Mas tem sobretudo cultura, com um particular: é cultura elaborada, padrão Belas Artes. Não raro o movimento social entende arte como “coisa para ocupar o tempo”, terapia para população vulnerável, atividade de contraturno. Os tarefeiros da ONG escolheram outro caminho – o da cultura como direito. “Nossa maestrina é paga. E é das boas”, comenta a ex-presidente Anna Thaís Fuck, ao se referir a Ana Cristina Lago, a “Tina”. A musicista traz no currículo a preparação do coral do HSBC. Quando pisa no Guarituba, os pequenos se agitam.

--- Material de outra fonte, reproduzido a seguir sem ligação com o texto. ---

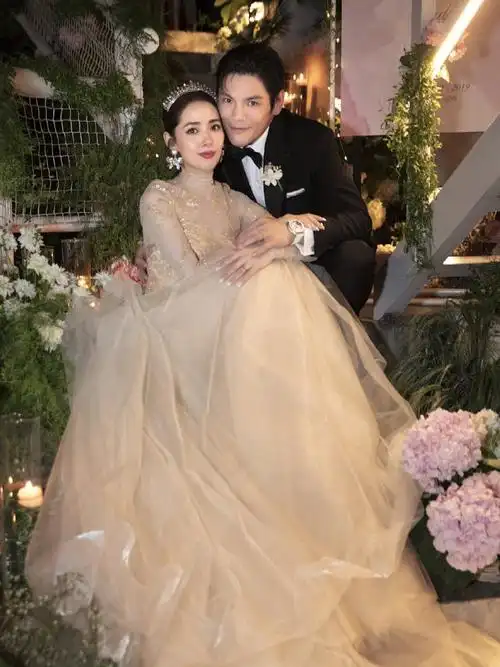 郭碧婷婚礼回顾熠熠生辉的verawang婚纱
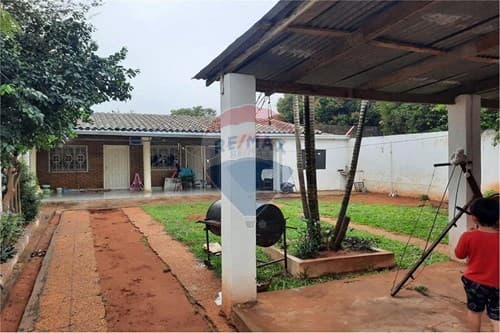 En venta casa de 4 habitaciones con Salon comecial, foto 2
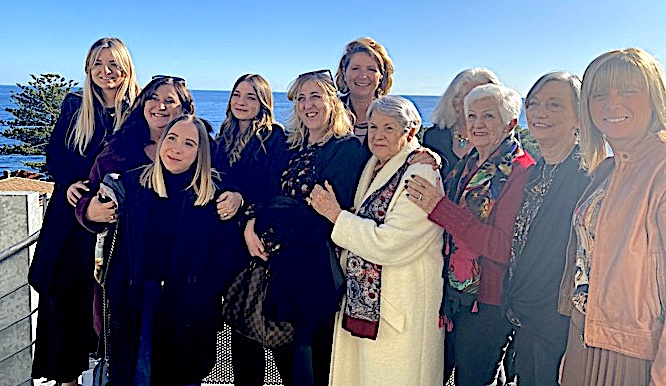 Catherine Riera en compagnie des bénévoles de La Marie Do lors d'un récent passage à San Martino di Lota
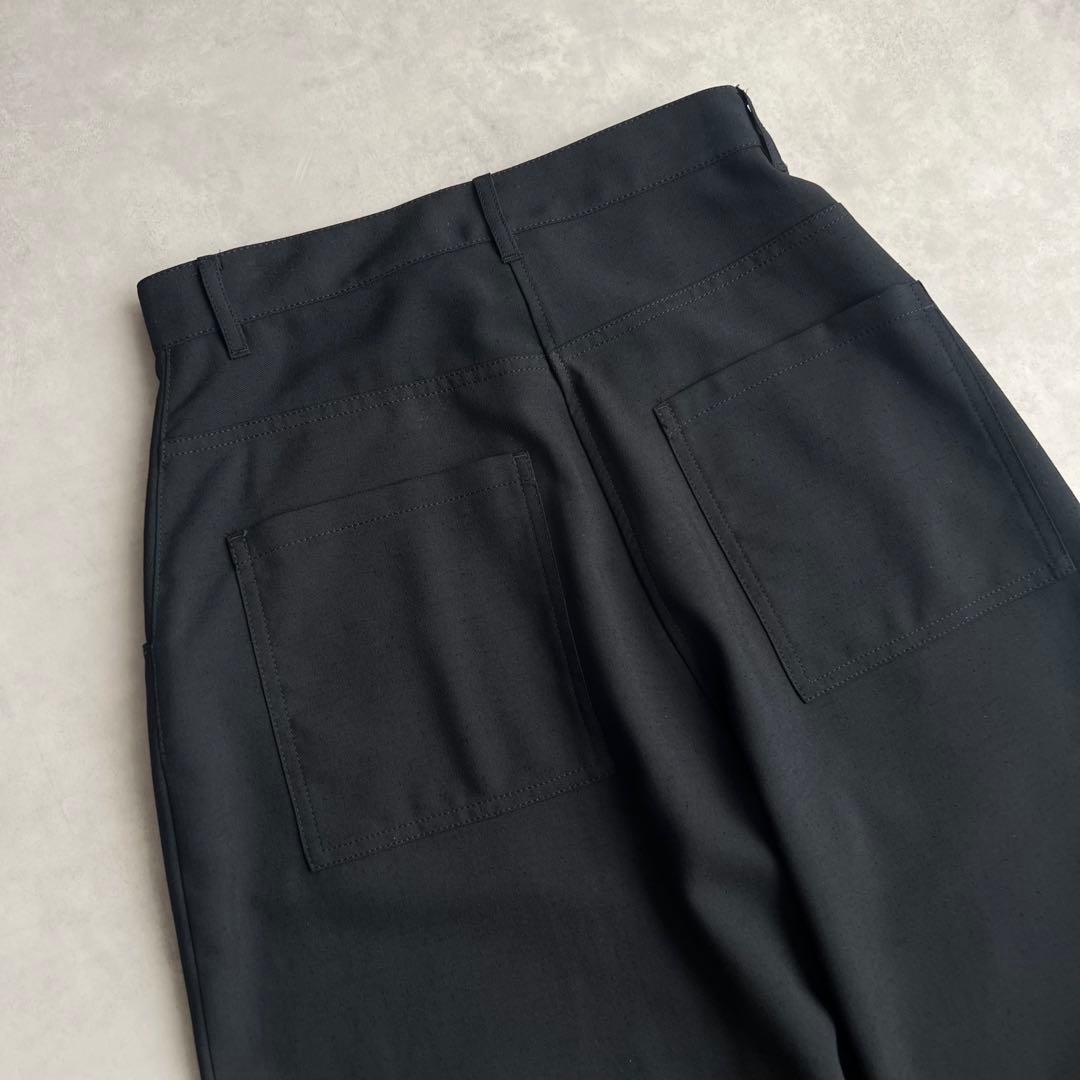 conte ラウンドシルエットパンツ　ブラック　36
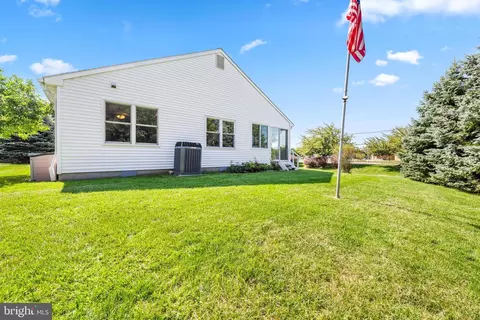 2 Holiday Ct, Trenton, NJ 08638 photo 23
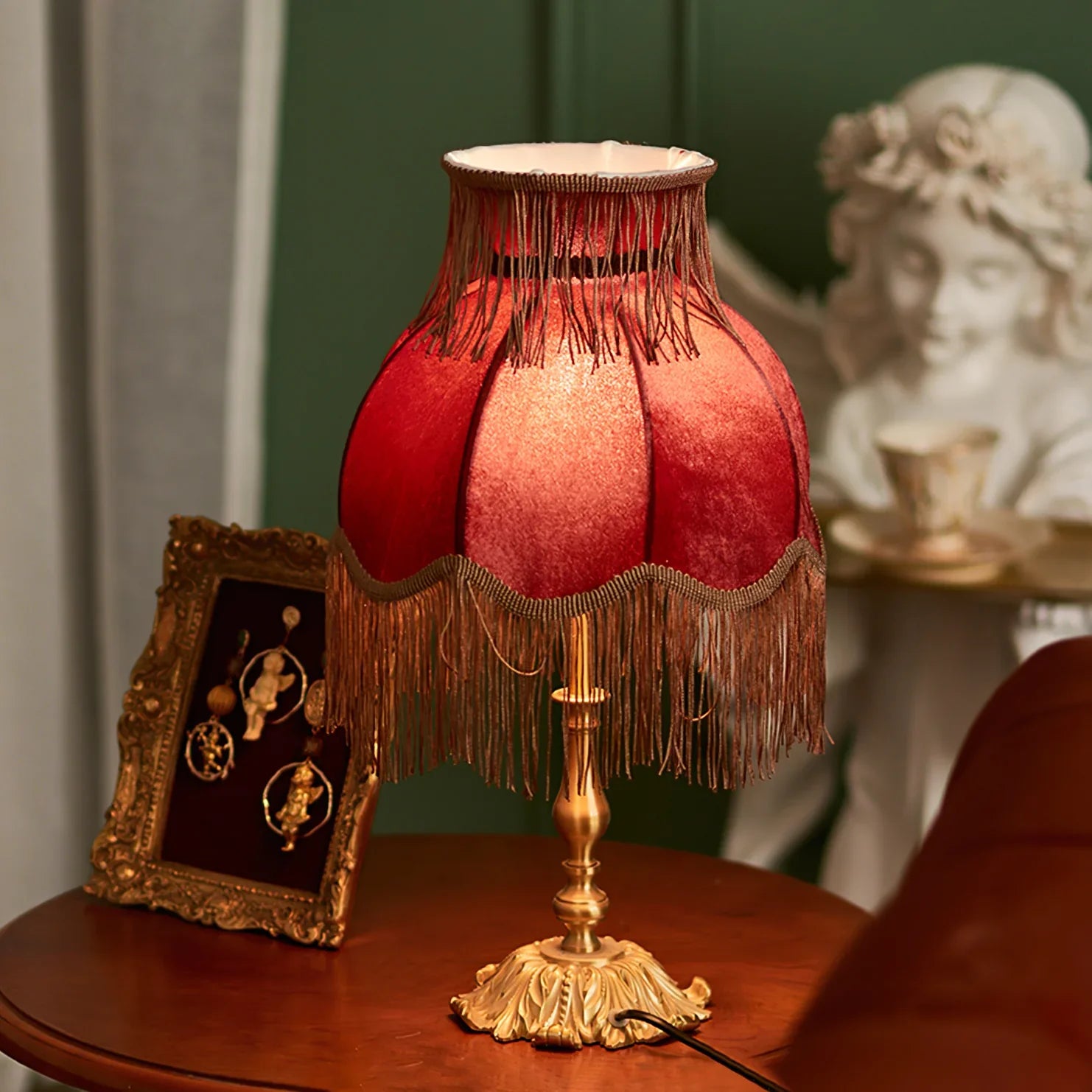 Fringe Table Lamp | Decorative Tassel Shade Bedside Lamp | Bedroom & Living Room | Lologe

Tina não precisa mais ligar o GPS para chegar na Rua das Hortênsias. Nem ela nem o músico Rodrigo Olavaria Lara, para citar dois dos que lideram ateliês que ocupam a casa . O lugar ganha ares de usina de leitura, encenação e música. Muita música.
Serviço
Hoje (15), às 16 horas, na Rua das Hortênsias, 153, Guarituba, Piraquara (41) 3362-1249
Essa acabou sendo a marca do “São Roque”. O grupo de coro e orquestra Gato na Tuba, por exemplo. Hoje, na inauguração, os anfitriões são os cursistas de teatro – a turma do Alecrim. Em setembro, atores e cantores se unem para estrelar o musical A grande fábrica das palavras. Será apresentado no Guairinha. A intenção é convidar o público a dar um pulo no Guarituba, um lugar onde tem poeira, mas também um palco, pois cultura é de direito. A Orquestra Sinfônica de Heliópolis começou assim – o pessoal da ONG curte a comparação.

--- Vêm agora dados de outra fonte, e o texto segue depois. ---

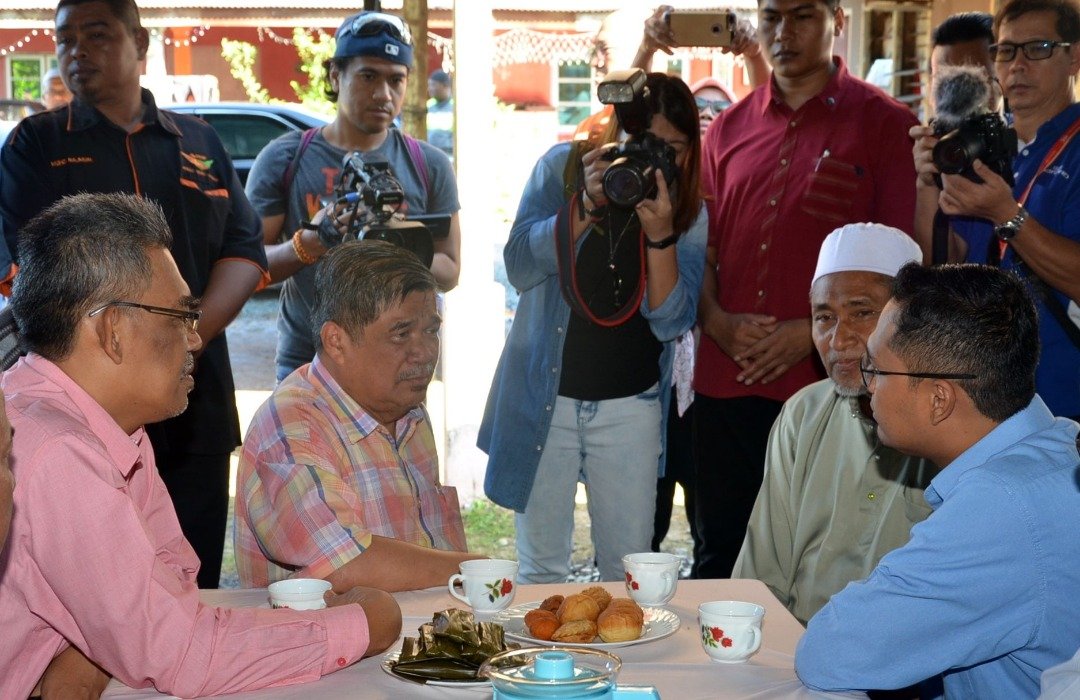 莫哈末沙布（左2）慰问莫哈末阿迪的父亲莫哈末卡欣，由吉打州行政议员拿督依士迈行（左）及阿斯米鲁（右）陪同。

A pequena violinista do Guarituba
“Mãe, eu quero tocar violino”, disse Thaíza Dias, 13 anos, depois de assistir – na Associação Beneficente São Roque – a uma apresentação da filha da maestrina Ana Cristina Lago, a Tina. O pai de Thaíza é técnico em elevadores. A mãe, doméstica. A família vive no Guarituba, ocupação irregular de Piraquara que se tornou símbolo do Programa de Aceleração do Crescimento, o PAC, mas que vê a regularização fundiária chegar “devagar, devagarinho”.
As chances da menina no orçamento familiar eram pequenas, mas nada que impedisse à mãe de contar à patroa que “a guria botou na cabeça que quer tocar violino”. Foi o que bastou para nascesse um mecenas. “Ela abriu um armário, tirou um violino que tinha guardado e me mandou de presente”. Thaíza é a violinista do Guarituba, e não está sozinha na nova onda. A irmã, Karina Dias, 17 anos, toca viola clássica e se prepara para prestar vestibular de Música.
Anda ocupada com os estudos, mas nada que a afaste das “Quatro Estações”, de Vivaldi, da “Segunda Sinfonia de Bach para Ciello”. “Adoro ‘Bela Adormecida’, de Tchaikovski, informa, em meio ao papo mais erudito da paróquia. A turma do Gato na Tuba – grupo musical formado por Tina e companhia, no Guarituba, segue atrás.
Tina evita apologias à arte redentora, ou discursos do gênero. Nos tempos em que atuou junto ao coral do HSBC, conta, “viu de tudo”. De quem se entregasse à música, sem reservas. De quem se esquecesse dela, sem problemas. No Guarituba não vai ser diferente. Mas não esconde sua surpresa diante do envolvimento de Thaíza e Karina. Como profissional da música, sabe que as meninas terão de pular muitas fogueiras, caso queiram viver de violas e violinos.
“O brasileiro com poder aquisitivo consome cultura, mas não estuda cultura. É um território difícil”, critica Ana Cristina.